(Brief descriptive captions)

******************************

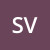 spencer-vandervort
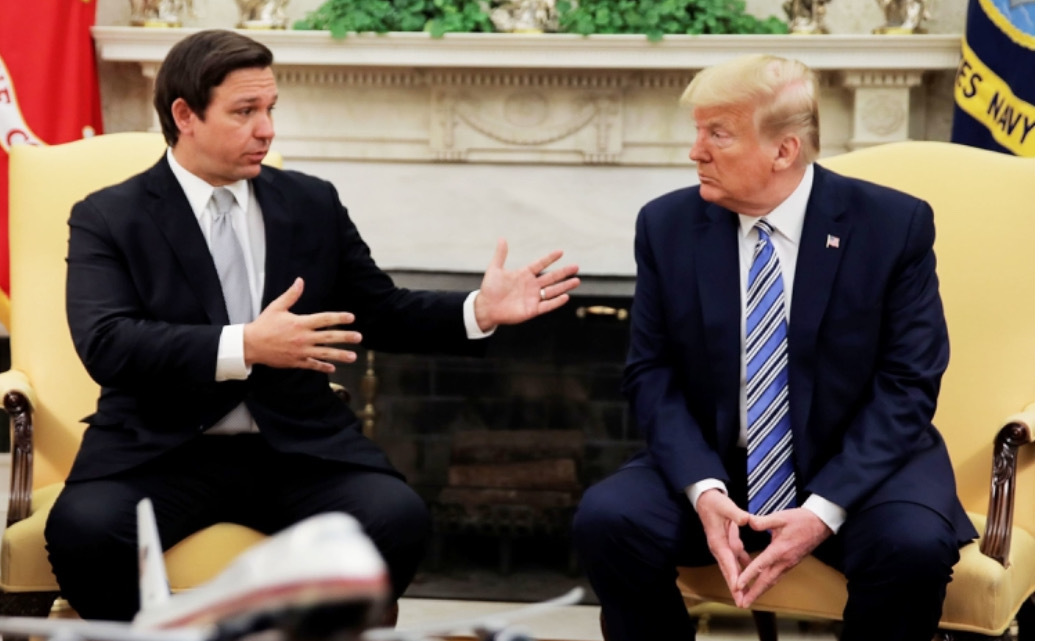 DeSantis-Trump.jpg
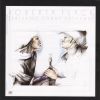 Download track Disguises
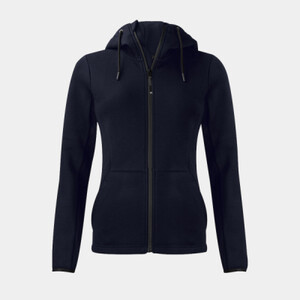 Cutter & Buck Pemberton FZ Lady Thumbnail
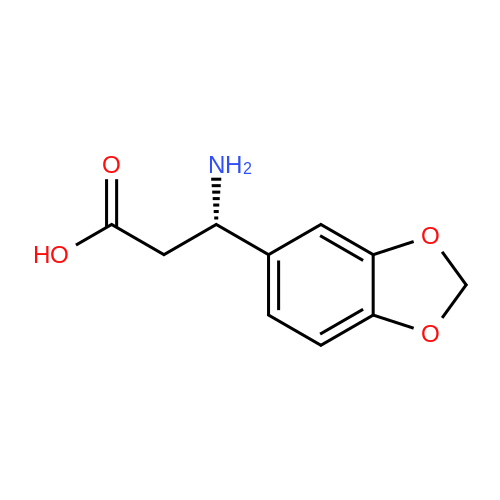 Chemical Structure| 723284-83-1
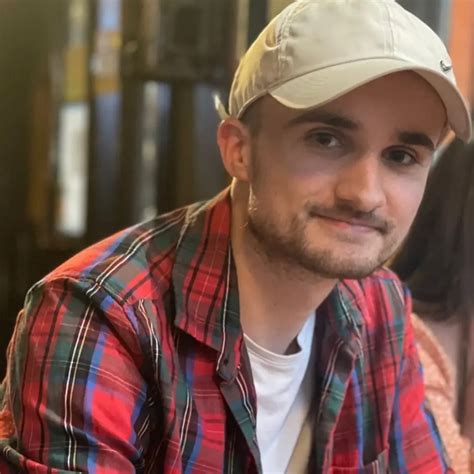 Virgin OnlyFans star is inundated with offers to take her virginity on camera after making $43 ...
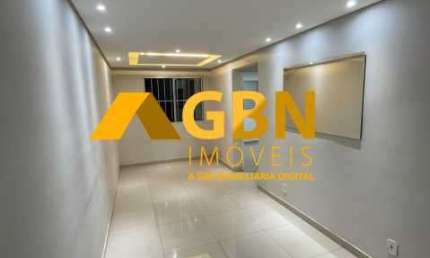 Apartamento com 2 quartos à venda na Rua Adelaide Braga Negrelli, 113, Parque Munhoz, São Paulo, 48 m2 por R$ 229.999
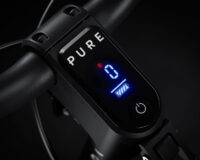 pure-scooter-air-ultra-max-suspension-1244805419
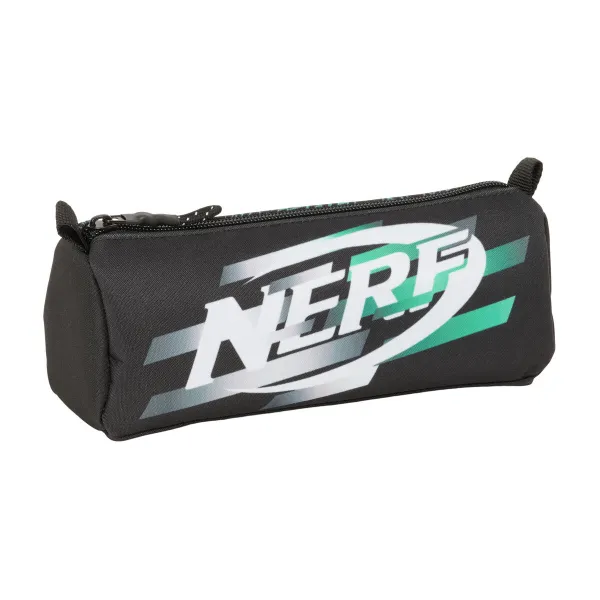 Pussukka Nerf Game Musta 21 x 8 x 7 cm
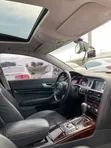 Audi A6 Allroad 2010 Silver - 3
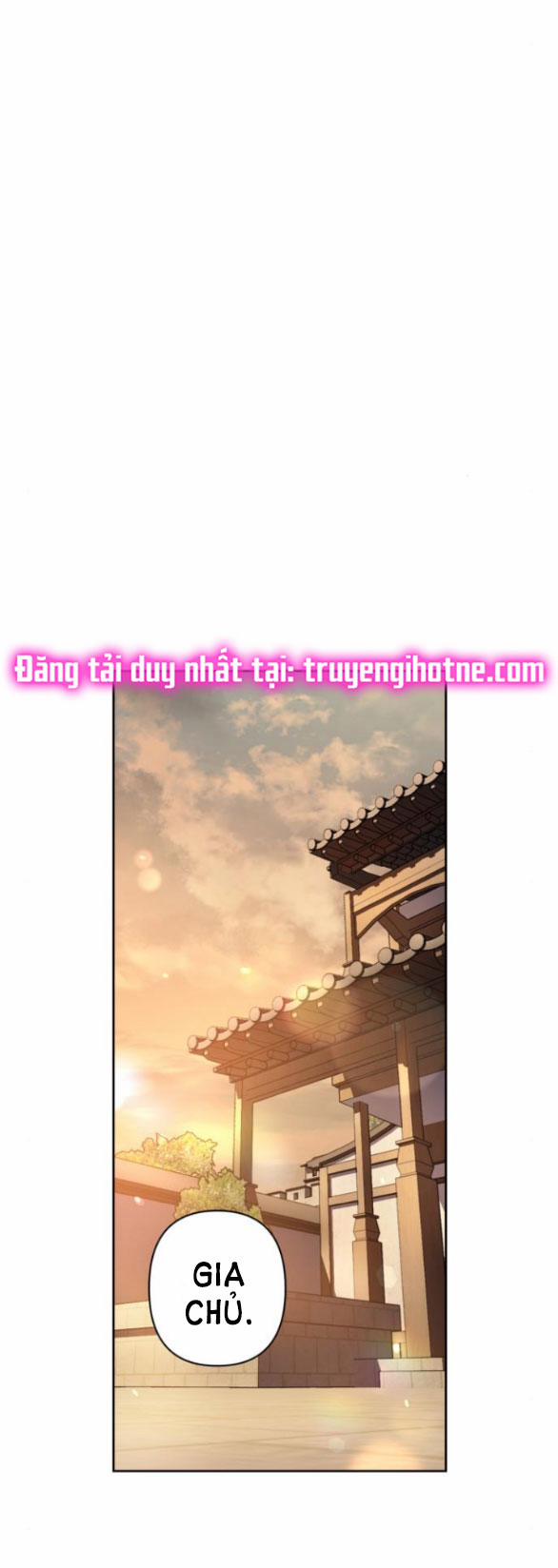 Bản Tình Ca Heeran 54.2 trang 22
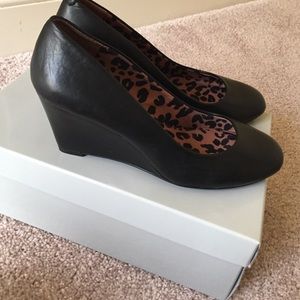 Jessica Simpson shoes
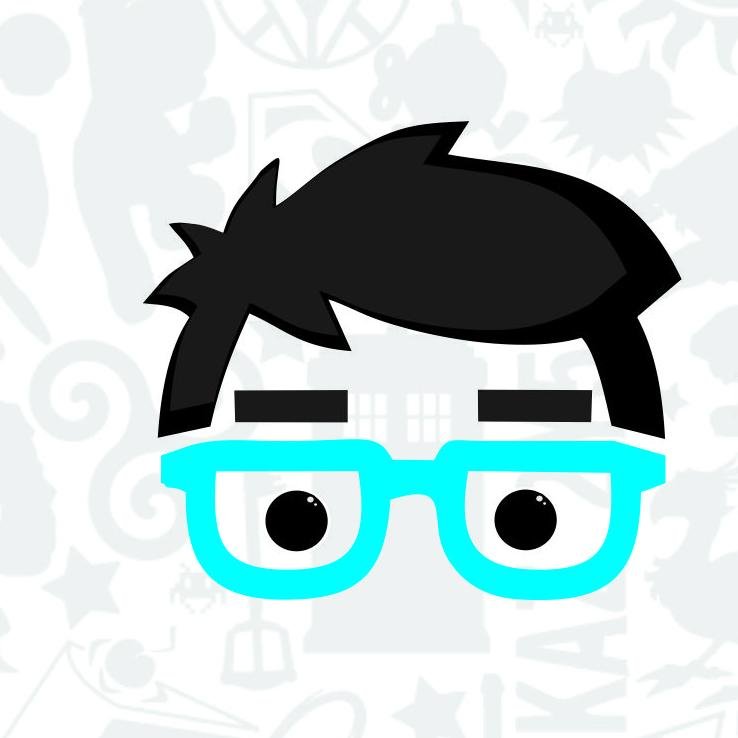Tudo que um Geek precisa saber num só portal!

http://t.co/zGgetZULfE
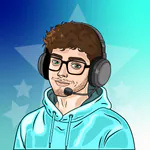 skalkacz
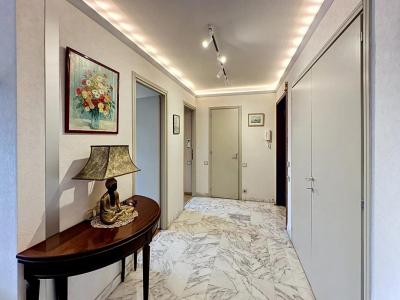 Acheter Appartement Nice 629000 euros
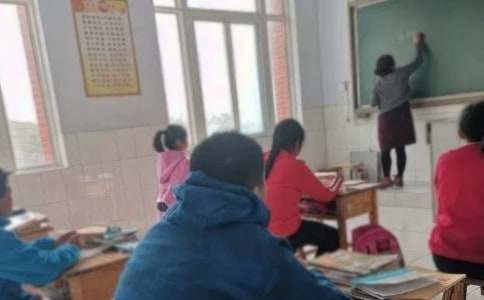 幼儿教师新学期工作计划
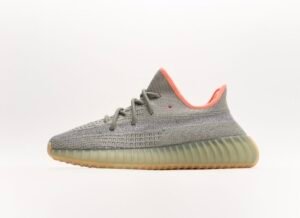adidas Yeezy Boost 350 V2 Desert Sage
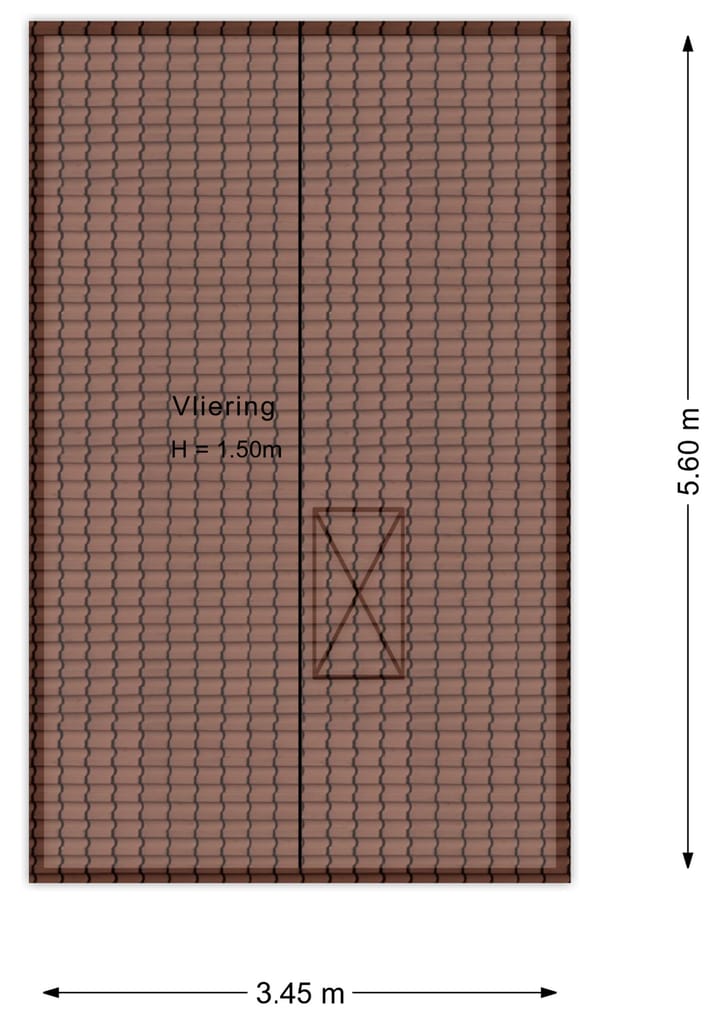 Foto 44 van Schoolstraat 23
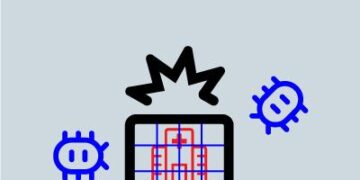 E&E News: Earthquake hits South Pacific near Samoa, with no damage reported – POLITICO Pro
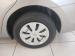 Toyota Corolla Quest Plus 1.8 - Thumbnail 22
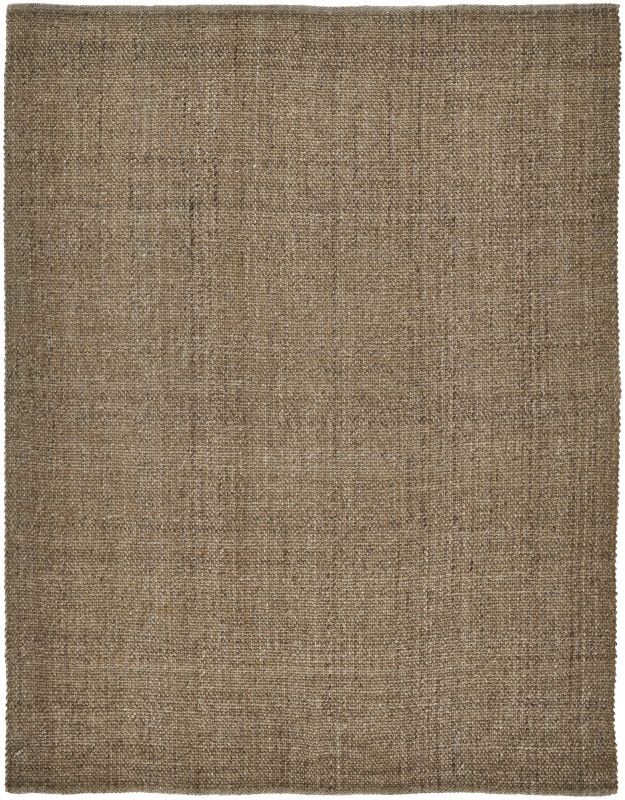 Naples Transitional Solid, Brown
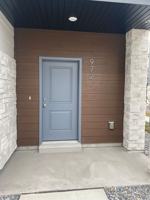 featured image of 972 W 420 S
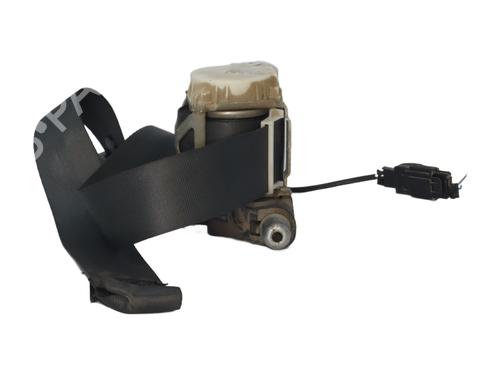 Used Front right belt tensioner RENAULT CLIO III (BR0/1, CR0/1) 1.5 dCi (C/BR0G, C/BR1G) (68 hp) 31159821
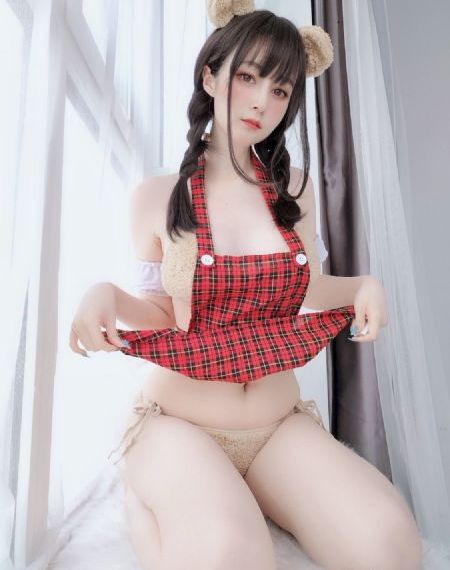 午夜欧美精品久久久久久久_BD英语电视剧在线观看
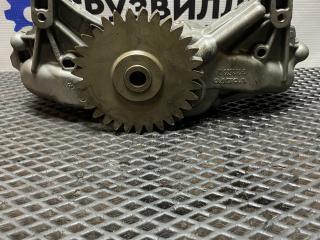 насос масляный Volvo FH4 первое поколение (2013 - 2020), 21293523, 20824908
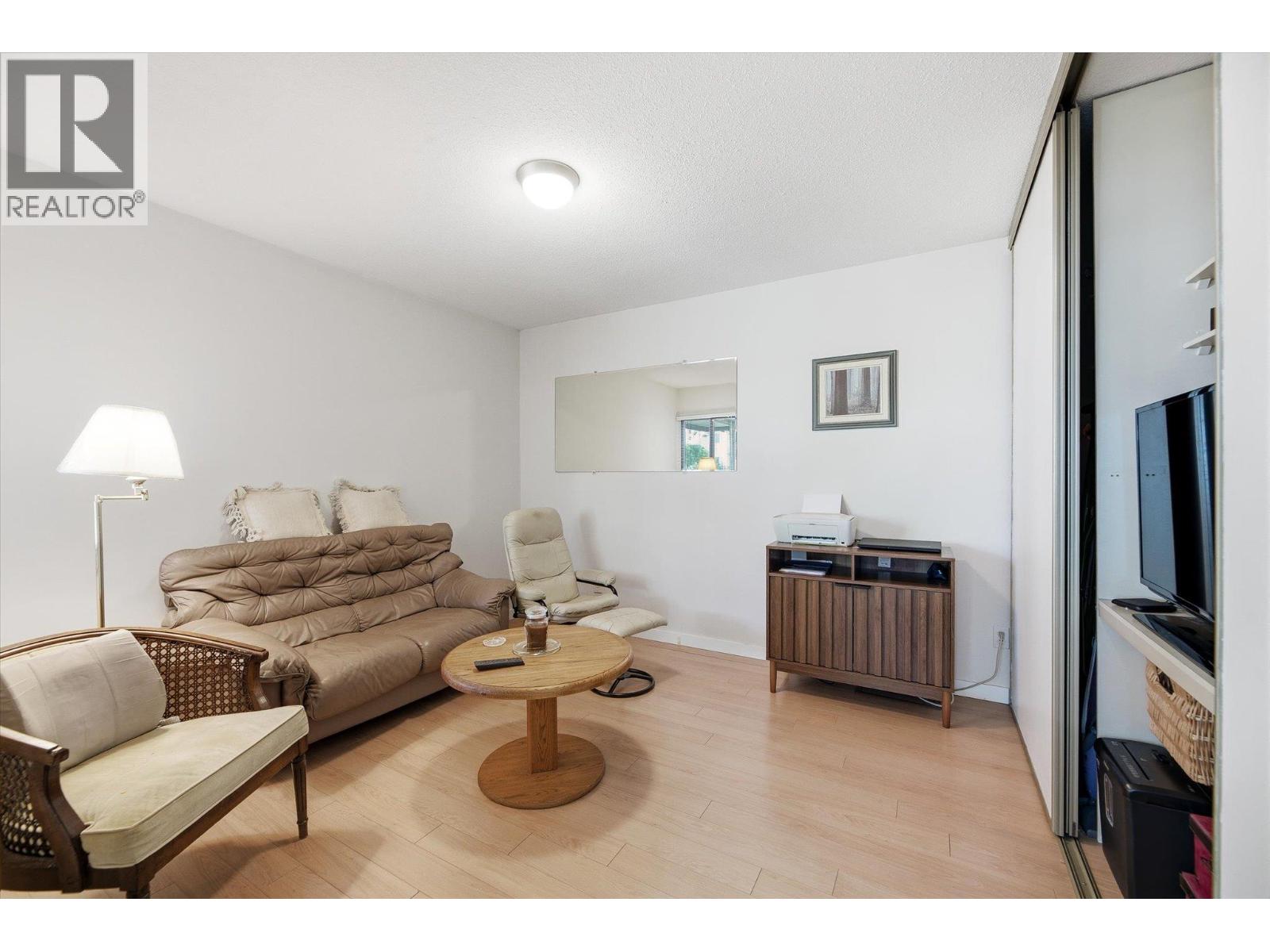 1765 Leckie Road Unit# 201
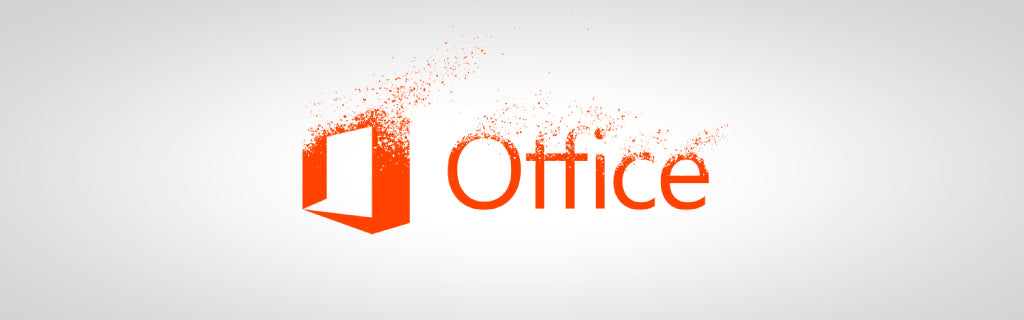 Farewell to Microsoft Office 2013: End of Support Looming
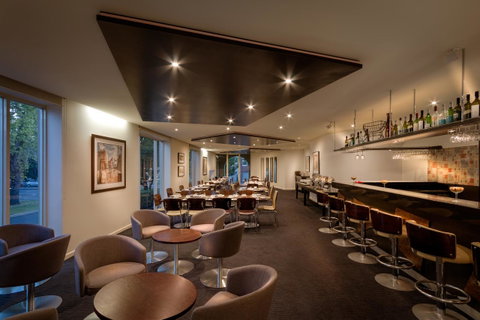 BEST WESTERN PLUS Travel Inn - Tweed Heads Accommodation 13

******************************

*PROMPT*
Retype the entries above exactly, starting at their first line and ending with the line that holds "E&E News: Earthquake"; pictures stay out.

*TASK OUTPUT*
 spencer-vandervort
 DeSantis-Trump.jpg
 Download track Disguises
 Cutter & Buck Pemberton FZ Lady Thumbnail
 Chemical Structure| 723284-83-1
 Virgin OnlyFans star is inundated with offers to take her virginity on camera after making $43 ...
 Apartamento com 2 quartos à venda na Rua Adelaide Braga Negrelli, 113, Parque Munhoz, São Paulo, 48 m2 por R$ 229.999
 pure-scooter-air-ultra-max-suspension-1244805419
 Pussukka Nerf Game Musta 21 x 8 x 7 cm
 Audi A6 Allroad 2010 Silver - 3
 Bản Tình Ca Heeran 54.2 trang 22
 Jessica Simpson shoes
Tudo que um Geek precisa saber num só portal!

http://t.co/zGgetZULfE
 skalkacz
 Acheter Appartement Nice 629000 euros
 幼儿教师新学期工作计划
adidas Yeezy Boost 350 V2 Desert Sage
 Foto 44 van Schoolstraat 23
 E&E News: Earthquake hits South Pacific near Samoa, with no damage reported – POLITICO Pro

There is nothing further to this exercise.